- Interactive map of Kamo site
- 34°49′15.4″N 135°24′28.1″E﻿ / ﻿34.820944°N 135.407806°E
- Type: Settlement trace
- Periods: Yayoi period
- Location: Kawanishi, Hyōgo, Japan
- Region: Kansai region

Site notes
- Public access: Yes (park and museum)

= Kamo site =

Yayoi period settlement trace in Kawanishi, Hyōgo, Japan

The Kamo site (加茂遺跡, Kamo iseki) is an archaeological site with the traces of a Yayoi period settlement located in the Minamihanayashiki neighborhood of the city of Kawanishi, Hyōgo Prefecture, in the Kansai region of Japan. It was designated a National Historic Site in 2000.

==Overview==
The Kamo site is located at an elevation of about 40 meters on the edge of the Itami Plateau, where the Ina River flows from the Hokusetsu Hills to the Nishisetsu Plain, at the very southern tip of Kawanishi city. It is an archaeological site with traces from the Japanese Paleolithic period to the Heian period, and is estimated to have become a large-scale settlement in the middle of the Yayoi period. The site was discovered in 1911, when a dotaku was founded the eastern slope of the plateau. Afterwards, the production site of stone tools was discovered. Excavations were conducted 225 times from 1952 through 2007, which confirmed that the site measures 800 meters from east-to-west by 400 meters from north-to-south. The remains of the mid-Yayoi period that make up the center of the ruins include six pillar-supported buildings, 40 pit dwellings, 22 square grooved tombs, 12 earthenware coffin tombs, 38 wooden coffins and pit tombs, The structure of the entire village, including residential areas and cemeteries, was surrounded by a moat. The center of the settlement is located in the eastern half, which has a higher elevation, and this area contains most of the Yayoi pottery discovered, along with a large amount of relics. The tombs are concentrated in the western part of the village. The 1992 excavation discovered the foundations for a large pillar-supported building with a square enclosure, which may have been the residence of a chieftain, or a structure of religious significance.

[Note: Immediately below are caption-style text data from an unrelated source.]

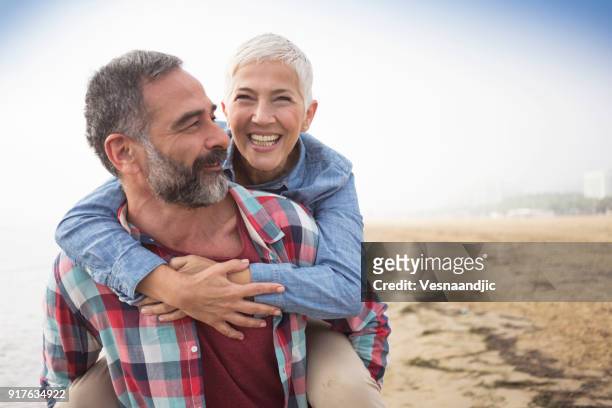 love is always playful - active seniors beach stock pictures, royalty-free photos & images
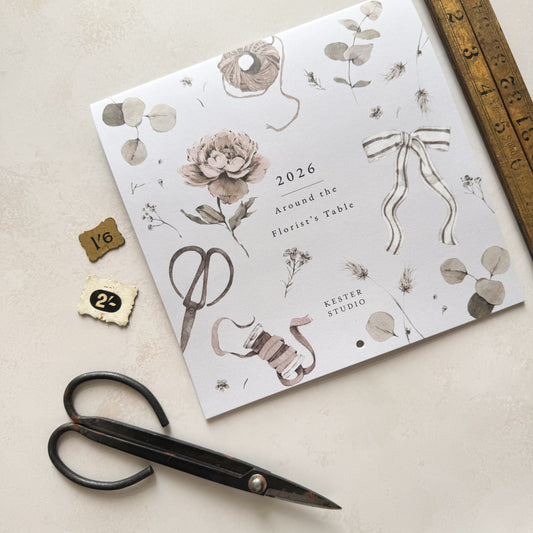 Floral design calendar with decorative elements on a beige surface with scissors and a ruler.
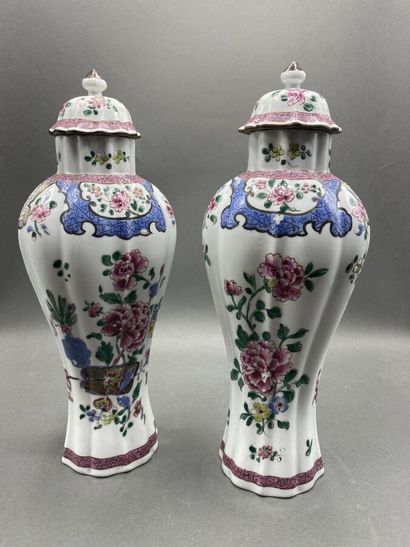 Pair of covered potiches with gadrooned sides...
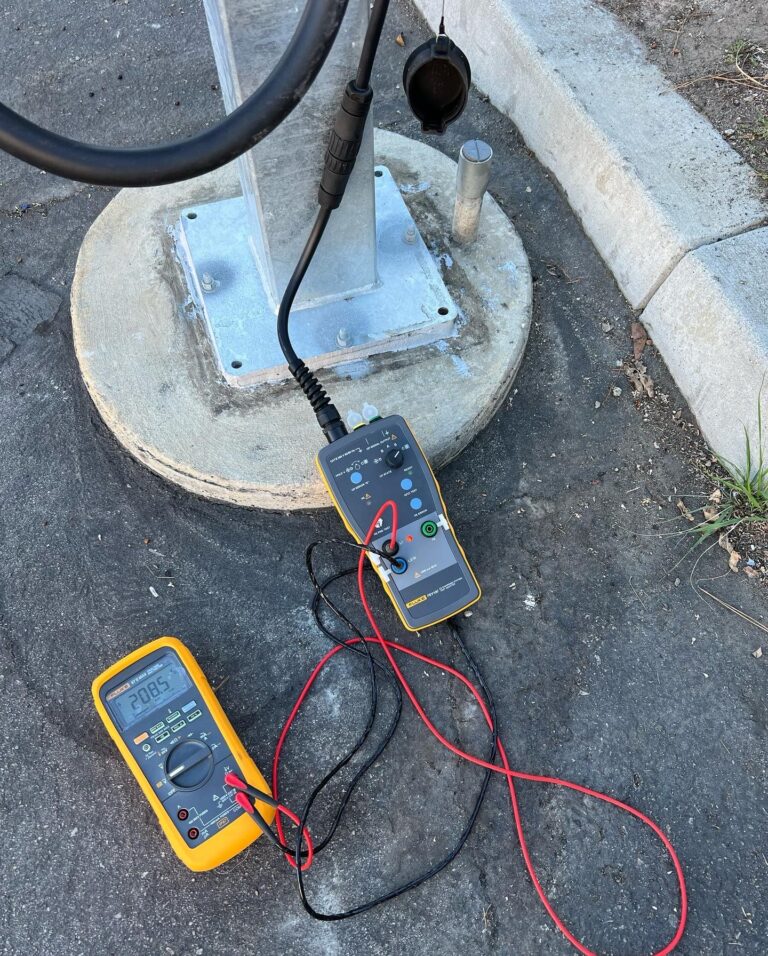 Technician working on an industrial electrical system or motor control center.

In 1936, the Miyagawa Stone Tool Museum (宮川石器館, Miyagawa sekki-kan) was opened near the site to exhibit earthenware and stone tools collected at the Kamo site. In 1993, the Kawanishi Cultural Assets Museum (川西市文化財資料館, Kawanishishi bunkazai shiryōkan) was opened near the site to relics excavated from this and other site around Kawanishi City.

The site is about a 20-minute walk from Kawanishi-Ikeda Station on the JR West Fukuchiyama Line.